I was walking on around the farm when I stumbled on a lamb carcass.  I quickly looked over to the sheep’s paddock and did a headcount (phew! it wasn’t one of ours).

Fårikål is a traditional Norwegian dish made of lamb, cabbage, peppercorns and water.  Fårikål season is from September to October when the fattened lambs come down from the mountains.  In fact, the last Thursday of September in Norway is National Fårikål day.  Fårikål used to be made from mutton for flavour but over time lamb has become more favoured.  On My Little Norway we have posted a series of Fårikål recipes (one traditional and the others experimental).  Traditionalist would baulk at the new versions, however, they are most welcome when lamb is so abundant at this time and ‘Fårikål’ is wearing its name out.

Traditional Fårikål

Fårikål with Rosemary and Garlic

Fårikål with Cinnamon

Fårikål with Curry

Fårikål with Ginger and Chili

I should have known that living on a farm meant real fresh Fårikål.  Great Uncle uses our land (as we have only a few animals so far) to sort out his flock.  Some go to slaughter (usually the males) and the others will be breeders.  Every year one or two are slaughtered on the farm for our own use – why send them off to slaughter, have them packed and shipped back to Alta, only to buy it again at a premium price?

The idea of personally slaughtering animals is hard for me.  I don’t want animals to die.  It is so much easier to go to the shops, see a lovely piece of perfectly cut, wrapped meat and buy it.  But the responsibility of slaughter has ingrained in me a deep love and respect for my animals.  They provide us with life.  I can understand why vegetarians are so fierce these days.  However, today, most domestic breeds would go extinct if not for humans.  Are animals better extinct than eaten?

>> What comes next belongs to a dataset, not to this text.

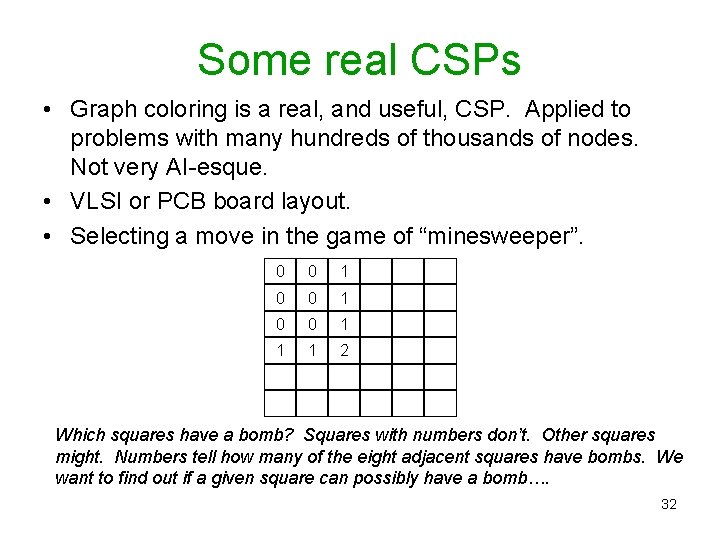 Some real CSPs • Graph coloring is a real, and useful, CSP. Applied to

We certainly do not slaughter the best animals.  Like nature, we choose the ones that are unhealthy, slow or stunted.  This keeps the breed strong and healthy.  We keep our animals a lot longer than commercial farmers and nature.  But there always comes a time when it is best to slaughter rather than having an animal suffer ailments from old age.  So mutton is what we slaughter, which is best for Fårikål anyway!